-- DATA RECORDS --
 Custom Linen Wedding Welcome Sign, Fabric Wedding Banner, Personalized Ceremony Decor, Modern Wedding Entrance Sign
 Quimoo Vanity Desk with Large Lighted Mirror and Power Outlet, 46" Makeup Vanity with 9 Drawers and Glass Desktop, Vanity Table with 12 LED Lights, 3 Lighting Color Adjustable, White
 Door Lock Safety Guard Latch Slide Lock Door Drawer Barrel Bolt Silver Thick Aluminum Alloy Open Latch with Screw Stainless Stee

* * *

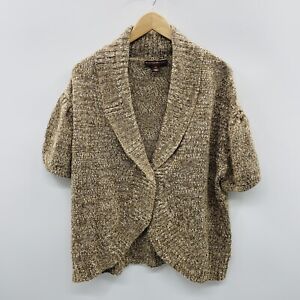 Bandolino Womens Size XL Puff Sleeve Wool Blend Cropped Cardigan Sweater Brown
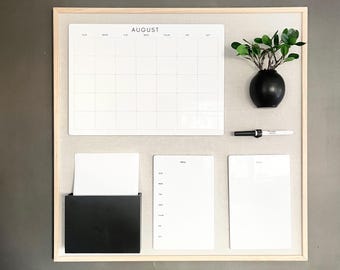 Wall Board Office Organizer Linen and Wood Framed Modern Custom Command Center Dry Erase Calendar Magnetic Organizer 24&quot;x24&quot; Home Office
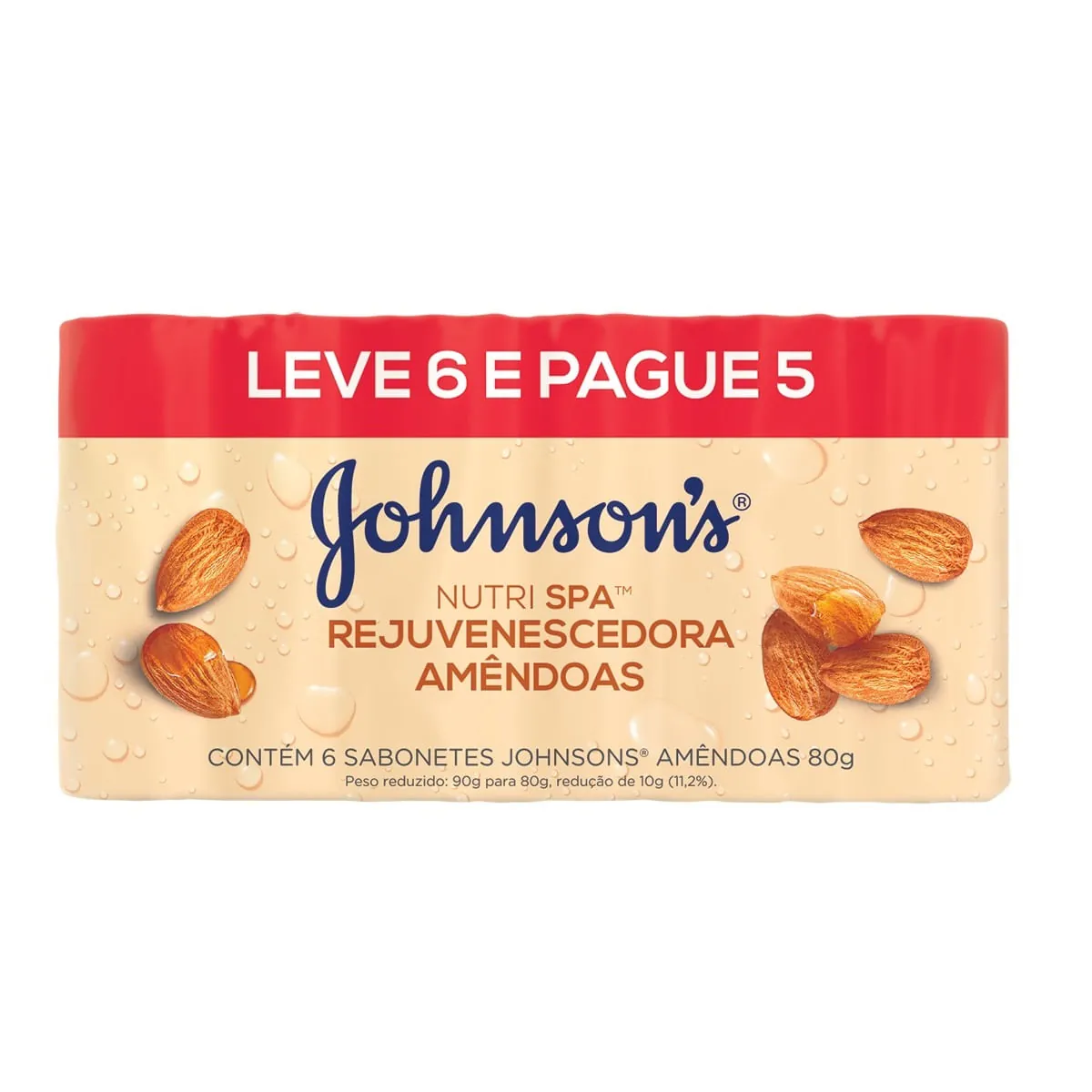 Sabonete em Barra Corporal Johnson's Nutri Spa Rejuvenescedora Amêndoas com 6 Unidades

* * *

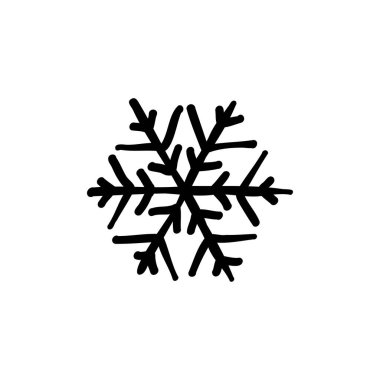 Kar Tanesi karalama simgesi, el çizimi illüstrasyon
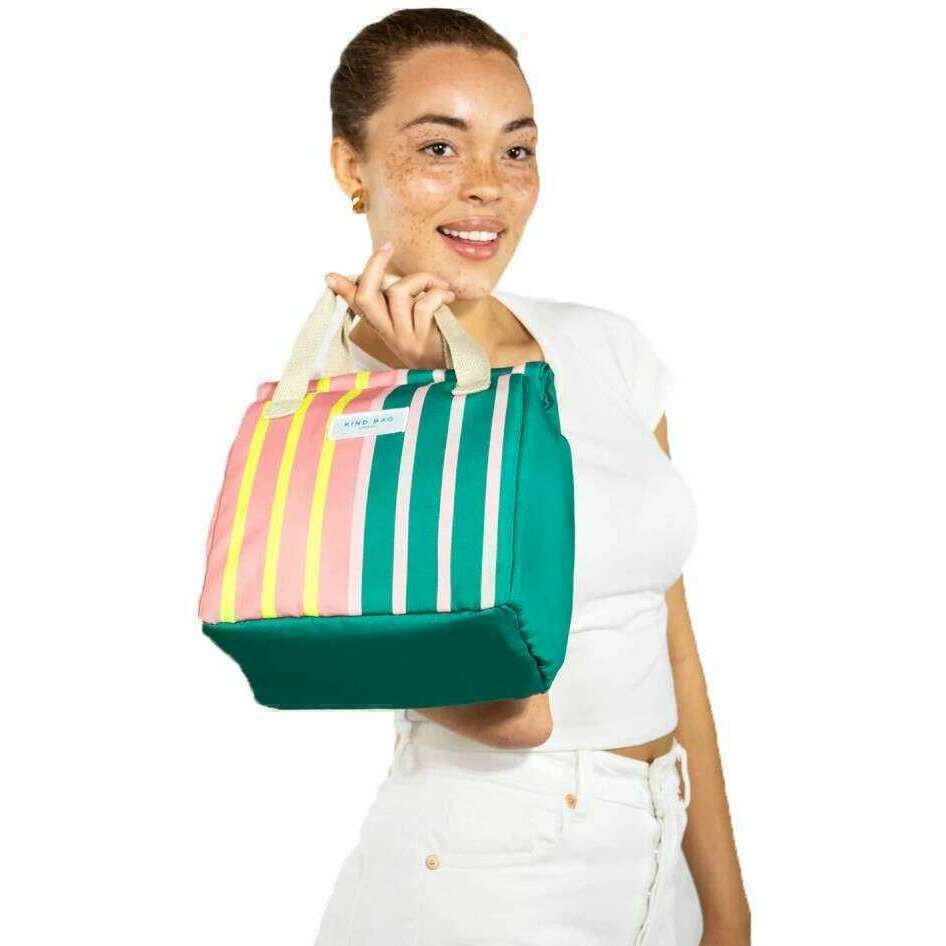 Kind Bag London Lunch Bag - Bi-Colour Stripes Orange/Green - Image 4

-- WHAT THIS TASK INVOLVES --
Which lines of the records contain the word "with"? Copy each of them.

-- OUTPUT FOR THIS EXERCISE --
 Quimoo Vanity Desk with Large Lighted Mirror and Power Outlet, 46" Makeup Vanity with 9 Drawers and Glass Desktop, Vanity Table with 12 LED Lights, 3 Lighting Color Adjustable, White
 Door Lock Safety Guard Latch Slide Lock Door Drawer Barrel Bolt Silver Thick Aluminum Alloy Open Latch with Screw Stainless Stee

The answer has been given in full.